--- The data ---

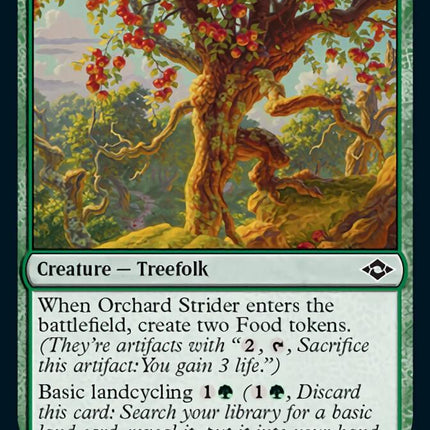 Orchard Strider [Modern Horizons 2]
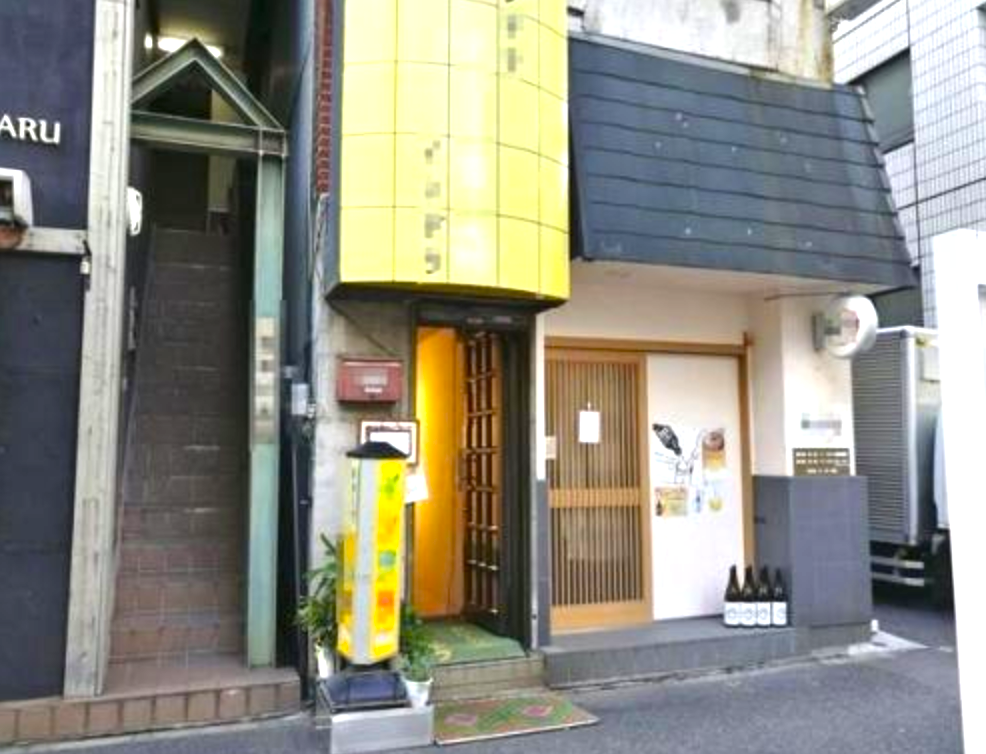 ◎成約済み【神田駅】徒歩4分1階！居酒屋の居抜き物件！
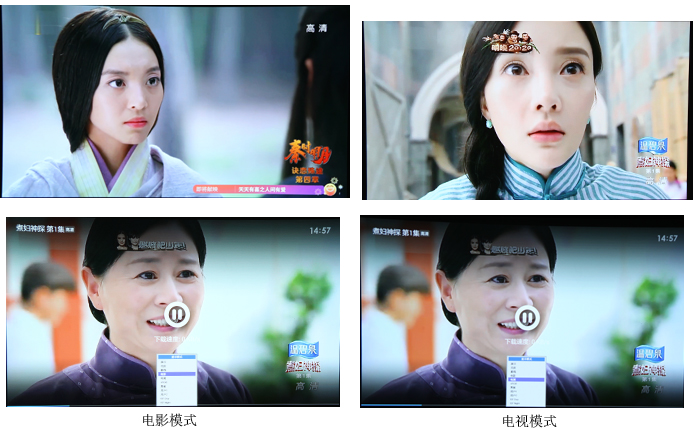 麗訊H5095首測——顯像測試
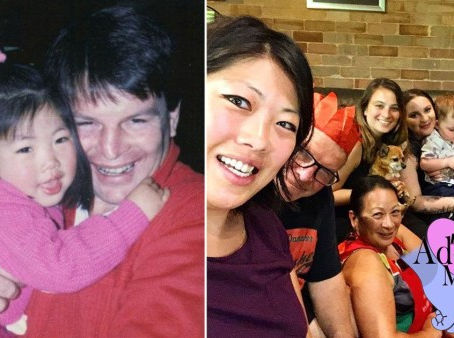 ‘My adoptive parents took me from Korea to rural Australia, but made sure I never forgot my roots’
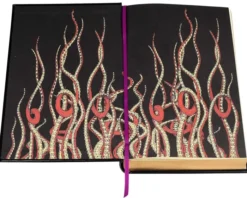 H. P. Lovecraft Tales of Horror (Deluxe Leatherbound Edition)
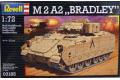 REVELL 03185 1/72 美國.陸軍 M-2A2'布萊德雷'步兵戰車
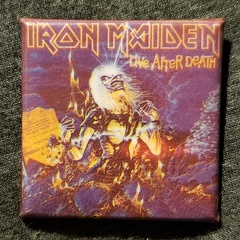 Iron Maiden - Live After Death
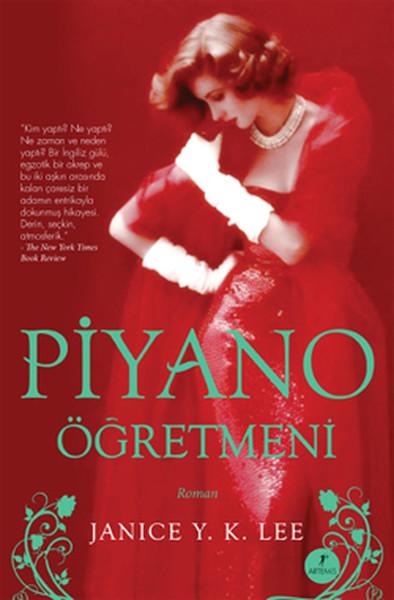 Piyano Öğretmeni | Artemis Yayınları - Roman Dizisi (İnce Kapak)  - Resim 1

---

Work to be completed - Leave out the pictures and return every record word for word.

Task output -
 Orchard Strider [Modern Horizons 2]
 ◎成約済み【神田駅】徒歩4分1階！居酒屋の居抜き物件！
 麗訊H5095首測——顯像測試
 ‘My adoptive parents took me from Korea to rural Australia, but made sure I never forgot my roots’
 H. P. Lovecraft Tales of Horror (Deluxe Leatherbound Edition)
 REVELL 03185 1/72 美國.陸軍 M-2A2'布萊德雷'步兵戰車
 Iron Maiden - Live After Death
 Piyano Öğretmeni | Artemis Yayınları - Roman Dizisi (İnce Kapak)  - Resim 1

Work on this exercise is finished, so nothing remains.